"Run, Rabbit, Run" is a song written by Noel Gay and Ralph Butler. The music was by Noel Gay and the song was originally sung by Flanagan and Allen accompanied by the Harry Bidgood orchestra.

Background
This song was written for Noel Gay's show The Little Dog Laughed, which opened on 11 October 1939, at a time when most of the major London theatres were closed. It was a popular song during World War II, especially after Flanagan and Allen changed the lyrics to poke fun at the Germans (e.g. Run, Adolf, run, Adolf, run, run, Run........)
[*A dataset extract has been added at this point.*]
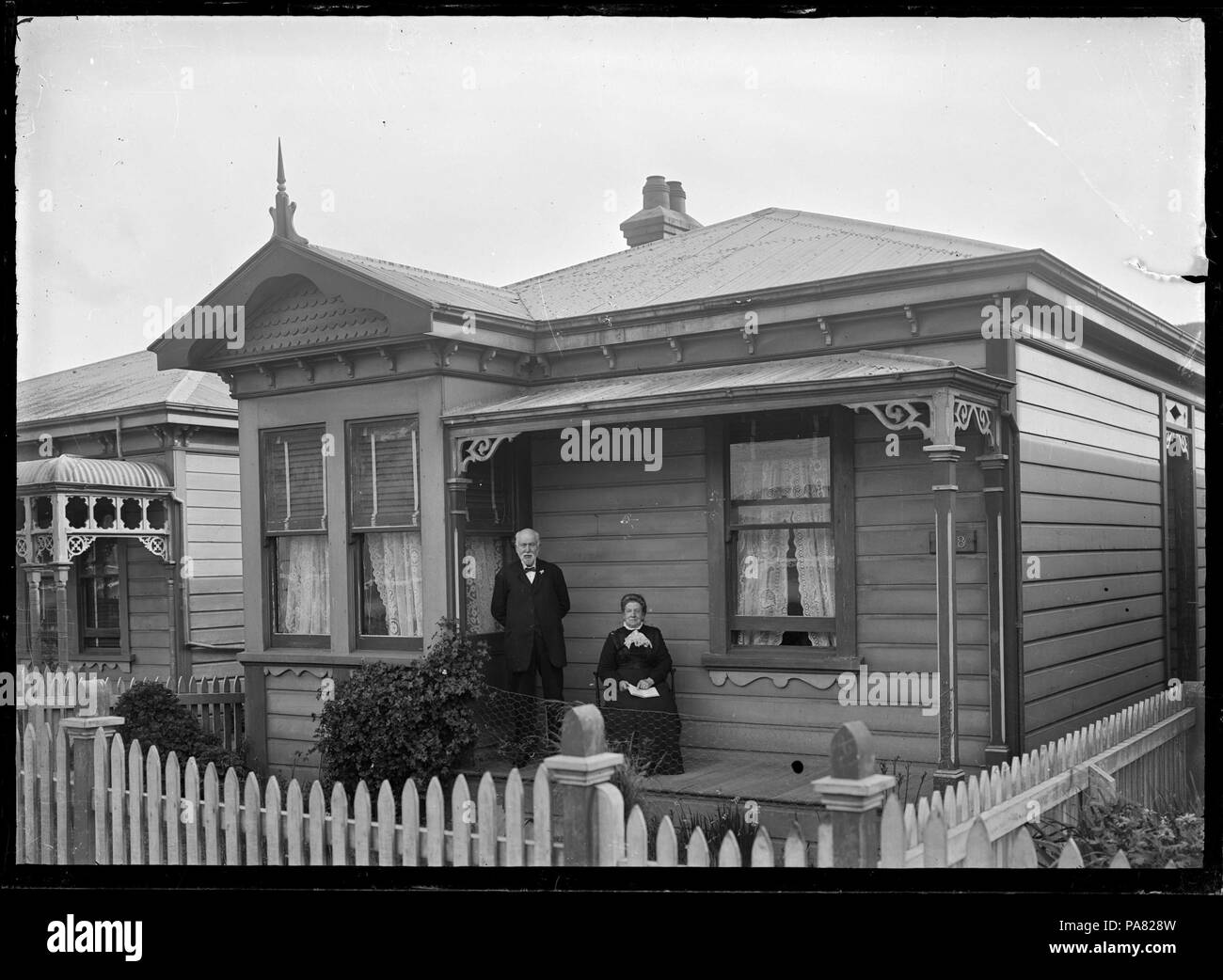 49 Charles and Mary Ann Godber on the verandah of their house at 168 Clyde Street, Island Bay. ATLIB 285529 Stock Photo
The lyrics were used as a defiant dig at the allegedly ineffectual Luftwaffe. On 13  November 1939, soon after the outbreak of the Second World War and also soon after the song was premiered, Germany launched its first air raid on Britain, on flying boats that were sheltering in Sullom Voe, Shetland. Two rabbits were supposedly killed by a bomb drop, although it is suggested that they were in fact procured from a butchers' shop and used for publicity purposes.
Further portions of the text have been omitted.